Data records:
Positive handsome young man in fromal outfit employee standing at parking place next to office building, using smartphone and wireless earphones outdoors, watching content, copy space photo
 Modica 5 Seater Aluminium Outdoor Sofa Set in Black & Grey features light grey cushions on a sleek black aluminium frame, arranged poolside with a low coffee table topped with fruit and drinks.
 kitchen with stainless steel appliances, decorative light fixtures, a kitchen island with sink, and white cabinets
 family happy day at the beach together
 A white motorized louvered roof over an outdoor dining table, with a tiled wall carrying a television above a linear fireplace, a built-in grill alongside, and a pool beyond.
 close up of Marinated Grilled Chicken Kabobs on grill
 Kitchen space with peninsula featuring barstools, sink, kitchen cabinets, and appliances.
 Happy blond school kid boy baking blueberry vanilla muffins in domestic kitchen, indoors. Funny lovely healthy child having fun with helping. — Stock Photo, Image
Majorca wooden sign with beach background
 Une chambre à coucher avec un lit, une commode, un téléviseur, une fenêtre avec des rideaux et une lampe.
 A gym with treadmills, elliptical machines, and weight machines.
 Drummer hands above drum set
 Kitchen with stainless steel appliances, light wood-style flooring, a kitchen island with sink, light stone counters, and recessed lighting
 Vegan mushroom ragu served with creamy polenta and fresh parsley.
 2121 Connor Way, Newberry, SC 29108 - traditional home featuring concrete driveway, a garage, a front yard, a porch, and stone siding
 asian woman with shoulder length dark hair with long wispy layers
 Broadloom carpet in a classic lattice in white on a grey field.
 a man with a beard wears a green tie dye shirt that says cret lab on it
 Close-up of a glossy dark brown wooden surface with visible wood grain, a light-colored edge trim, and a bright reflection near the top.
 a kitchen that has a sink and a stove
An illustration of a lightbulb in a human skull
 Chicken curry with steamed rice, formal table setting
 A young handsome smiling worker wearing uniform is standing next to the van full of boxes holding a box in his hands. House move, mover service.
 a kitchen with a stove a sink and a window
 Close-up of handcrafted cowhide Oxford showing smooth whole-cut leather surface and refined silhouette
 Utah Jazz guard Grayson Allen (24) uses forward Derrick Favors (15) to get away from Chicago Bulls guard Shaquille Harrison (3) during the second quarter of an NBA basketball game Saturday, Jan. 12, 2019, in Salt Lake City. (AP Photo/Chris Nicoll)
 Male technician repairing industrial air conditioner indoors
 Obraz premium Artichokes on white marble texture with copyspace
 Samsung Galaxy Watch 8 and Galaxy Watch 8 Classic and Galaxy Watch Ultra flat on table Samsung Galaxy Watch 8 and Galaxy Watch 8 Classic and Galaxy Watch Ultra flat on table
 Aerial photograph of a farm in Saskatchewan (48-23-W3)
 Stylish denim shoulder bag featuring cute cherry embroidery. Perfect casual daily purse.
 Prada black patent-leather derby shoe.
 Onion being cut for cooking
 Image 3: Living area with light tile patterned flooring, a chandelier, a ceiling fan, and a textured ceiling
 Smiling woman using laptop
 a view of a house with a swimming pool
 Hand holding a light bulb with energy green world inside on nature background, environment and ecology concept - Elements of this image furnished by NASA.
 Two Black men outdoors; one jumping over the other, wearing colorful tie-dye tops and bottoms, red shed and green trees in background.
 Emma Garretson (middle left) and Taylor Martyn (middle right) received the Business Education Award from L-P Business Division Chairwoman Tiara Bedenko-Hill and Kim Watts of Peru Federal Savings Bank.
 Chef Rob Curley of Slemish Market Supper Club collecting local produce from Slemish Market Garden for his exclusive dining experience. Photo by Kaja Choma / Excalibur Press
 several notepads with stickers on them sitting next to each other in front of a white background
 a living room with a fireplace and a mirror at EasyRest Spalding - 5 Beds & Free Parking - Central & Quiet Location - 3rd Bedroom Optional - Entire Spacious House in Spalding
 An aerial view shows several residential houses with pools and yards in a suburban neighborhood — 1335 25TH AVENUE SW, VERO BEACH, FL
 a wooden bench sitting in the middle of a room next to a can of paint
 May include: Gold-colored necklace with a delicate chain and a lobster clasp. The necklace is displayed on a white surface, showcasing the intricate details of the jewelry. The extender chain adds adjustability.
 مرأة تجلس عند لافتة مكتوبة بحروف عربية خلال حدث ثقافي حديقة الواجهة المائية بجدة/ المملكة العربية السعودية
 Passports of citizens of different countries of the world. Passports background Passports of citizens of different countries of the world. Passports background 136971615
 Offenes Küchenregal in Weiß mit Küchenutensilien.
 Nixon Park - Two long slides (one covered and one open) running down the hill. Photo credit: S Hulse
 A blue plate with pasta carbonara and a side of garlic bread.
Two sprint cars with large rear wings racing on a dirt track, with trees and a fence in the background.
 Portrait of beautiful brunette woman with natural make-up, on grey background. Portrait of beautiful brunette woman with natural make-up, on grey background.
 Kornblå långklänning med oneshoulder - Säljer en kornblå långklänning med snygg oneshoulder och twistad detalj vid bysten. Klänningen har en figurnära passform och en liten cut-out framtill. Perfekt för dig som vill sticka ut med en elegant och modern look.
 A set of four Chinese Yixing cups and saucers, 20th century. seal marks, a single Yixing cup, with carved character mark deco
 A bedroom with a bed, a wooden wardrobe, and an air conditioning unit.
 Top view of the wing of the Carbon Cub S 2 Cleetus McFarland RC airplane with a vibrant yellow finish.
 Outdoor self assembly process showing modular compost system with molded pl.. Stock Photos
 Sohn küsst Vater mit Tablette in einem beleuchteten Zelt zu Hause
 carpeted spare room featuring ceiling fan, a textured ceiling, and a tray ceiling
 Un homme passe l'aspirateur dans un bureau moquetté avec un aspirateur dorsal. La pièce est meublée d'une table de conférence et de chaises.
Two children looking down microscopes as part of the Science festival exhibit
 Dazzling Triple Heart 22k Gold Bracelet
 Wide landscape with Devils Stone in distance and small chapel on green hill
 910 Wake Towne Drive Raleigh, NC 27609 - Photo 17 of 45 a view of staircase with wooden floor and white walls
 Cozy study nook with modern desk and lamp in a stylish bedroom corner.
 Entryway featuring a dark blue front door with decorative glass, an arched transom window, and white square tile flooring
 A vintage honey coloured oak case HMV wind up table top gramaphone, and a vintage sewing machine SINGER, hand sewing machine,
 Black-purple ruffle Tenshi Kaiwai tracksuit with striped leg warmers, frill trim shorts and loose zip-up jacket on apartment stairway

What you should do: Return a word-for-word copy of the lines above from the one holding "several notepads with" through the one holding "a living room", with both of them included and nothing besides.

Reply to the exercise:
 several notepads with stickers on them sitting next to each other in front of a white background
 a living room with a fireplace and a mirror at EasyRest Spalding - 5 Beds & Free Parking - Central & Quiet Location - 3rd Bedroom Optional - Entire Spacious House in Spalding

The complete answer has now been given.